Of course before starting any new exercise program check with your doctor first to make sure it is right for you. 

Seniors

Following menopause women begin to lose bone mass rapidly and by the age of 65 both men and women lose bone mass at the same rate. However the good news is there are a number of ways to slow this down with a healthy lifestyle: 

  • Eat plenty of calcium-rich foods like milk, cheese and yogurt 

  • Spend some sun-smart time outdoors to get vital vitamin D 

  • Stay healthy and exercise regularly 

To meet your calcium requirements women over 50 and men over 70 require four serves of milk, cheese, yogurt and/or alternatives. An easy way to achieve this is to include a serve at each meal and one snack. A serve from the dairy foods group is a cup (250ml) of milk, three-quarters of a cup (200g) yogurt, two slices (40g) of cheese, half a cup (120g) of ricotta cheese.

Exercising regularly will help maintain bone strength plus improve muscle strength. Good muscle strength becomes increasingly important for our bone health as we get older. Many fractures occur as the result of a fall.
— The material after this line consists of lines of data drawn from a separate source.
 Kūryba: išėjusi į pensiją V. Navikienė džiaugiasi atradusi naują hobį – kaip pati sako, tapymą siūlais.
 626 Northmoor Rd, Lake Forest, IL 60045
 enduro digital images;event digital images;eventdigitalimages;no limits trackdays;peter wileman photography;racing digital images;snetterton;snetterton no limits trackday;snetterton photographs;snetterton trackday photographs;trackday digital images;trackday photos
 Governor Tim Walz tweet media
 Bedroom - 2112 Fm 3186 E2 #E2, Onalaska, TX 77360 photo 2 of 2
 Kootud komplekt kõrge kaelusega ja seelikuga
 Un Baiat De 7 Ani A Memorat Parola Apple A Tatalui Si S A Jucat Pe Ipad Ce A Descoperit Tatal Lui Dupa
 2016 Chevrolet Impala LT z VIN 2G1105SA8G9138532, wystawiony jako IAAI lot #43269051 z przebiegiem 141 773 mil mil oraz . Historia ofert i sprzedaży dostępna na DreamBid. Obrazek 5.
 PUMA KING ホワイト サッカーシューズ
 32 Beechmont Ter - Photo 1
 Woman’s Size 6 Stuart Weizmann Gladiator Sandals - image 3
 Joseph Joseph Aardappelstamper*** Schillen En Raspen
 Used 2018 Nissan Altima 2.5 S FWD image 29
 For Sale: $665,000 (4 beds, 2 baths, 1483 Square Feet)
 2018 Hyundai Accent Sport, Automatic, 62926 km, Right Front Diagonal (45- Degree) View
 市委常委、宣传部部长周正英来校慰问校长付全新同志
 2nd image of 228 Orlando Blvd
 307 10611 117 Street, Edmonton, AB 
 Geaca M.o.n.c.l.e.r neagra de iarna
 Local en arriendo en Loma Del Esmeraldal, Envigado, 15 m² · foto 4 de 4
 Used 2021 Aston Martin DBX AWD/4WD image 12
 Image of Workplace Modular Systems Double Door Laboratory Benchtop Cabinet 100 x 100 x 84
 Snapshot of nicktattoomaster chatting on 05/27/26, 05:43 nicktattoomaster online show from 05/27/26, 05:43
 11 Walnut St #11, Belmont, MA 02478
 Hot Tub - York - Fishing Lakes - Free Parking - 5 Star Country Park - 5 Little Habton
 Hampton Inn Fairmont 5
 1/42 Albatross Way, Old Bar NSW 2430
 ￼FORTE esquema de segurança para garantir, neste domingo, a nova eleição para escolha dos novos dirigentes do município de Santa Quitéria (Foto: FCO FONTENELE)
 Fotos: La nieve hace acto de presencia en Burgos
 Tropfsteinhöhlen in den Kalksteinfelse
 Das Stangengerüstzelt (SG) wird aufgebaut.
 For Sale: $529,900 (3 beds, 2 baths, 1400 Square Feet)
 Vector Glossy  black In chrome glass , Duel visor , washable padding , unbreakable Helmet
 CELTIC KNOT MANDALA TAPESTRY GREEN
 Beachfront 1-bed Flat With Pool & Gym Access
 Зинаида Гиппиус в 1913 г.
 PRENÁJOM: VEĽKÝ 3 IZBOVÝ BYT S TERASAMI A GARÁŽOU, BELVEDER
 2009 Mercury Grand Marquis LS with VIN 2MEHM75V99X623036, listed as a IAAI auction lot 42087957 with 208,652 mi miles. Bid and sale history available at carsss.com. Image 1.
Exercises that focus on muscle strengthening, balance and co-ordination are recommended to help prevent falls.

Before starting any exercise regimen, you should always check with your doctor first. A physiotherapist can recommend exercises that are appropriate for you, particularly if you have suffered, or are at risk of a fracture.

Why is calcium important for bones?

Calcium is the main building block of bone. Calcium combines with other minerals (like phosphorus) to form hard crystals that give bone their strength. Because your body can’t make calcium, it must come from your diet. If you don’t eat enough calcium-rich foods, calcium will be taken from the bones to be used for other body functions, and over time bones will become weak and brittle leading to a disease called osteoporosis. This is why it is so crucial to have a daily supply of calcium-rich foods throughout life.

Milk, cheese and yogurt provide a convenient and readily absorbable source of calcium contributing around 60 per cent of the calcium in your diet. These dairy foods also contain a range of essential nutrients for bone health including protein, phosphorus, magnesium and zinc.